Ms. Jones is not alone in her struggle. Every year, approximately 1 million Americans develop shingles, or herpes zoster. Distinguishable by a rash and blisters that most commonly occur on the torso — chest and back — waistline, upper arms or side of the face, shingles is caused by the same virus that causes chicken pox, the varicella-zoster virus.

One-in-five people diagnosed with shingles suffer complications resulting in PHN, or after-shingles pain resulting from nerve damage caused by the virus.

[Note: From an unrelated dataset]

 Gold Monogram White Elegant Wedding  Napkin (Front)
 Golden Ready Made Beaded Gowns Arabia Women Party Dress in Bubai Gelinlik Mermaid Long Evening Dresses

PHN pain, which may last for months or sometimes even years, can be devastating to those it affects.

“PHN pain can erode a person’s quality of life, especially for elderly patients,” says Dr. Christopher Gharibo, director of Pain Medicine and assistant professor of Anesthesiology at NYU School of Medicine, “The pain can make everyday activities, like bathing or dressing, excruciating. Chronic pain often leads to serious depression. In fact, PHN is the most common cause of pain-related suicide in the elderly.”

PHN disproportionately affects the 50-and-over population and people with weakened immune systems. In fact, shingles patients age 50 or older have a more than 50 percent chance of developing PHN, and patients age 80 or older have an 80 percent chance of developing the condition.

Ms. Jones urges, “If you are over 50 and have unexplained pain, ask your doctor if it might be from shingles.” Early treatment for shingles could lessen or prevent the duration of shingles and lower the risk for PHN.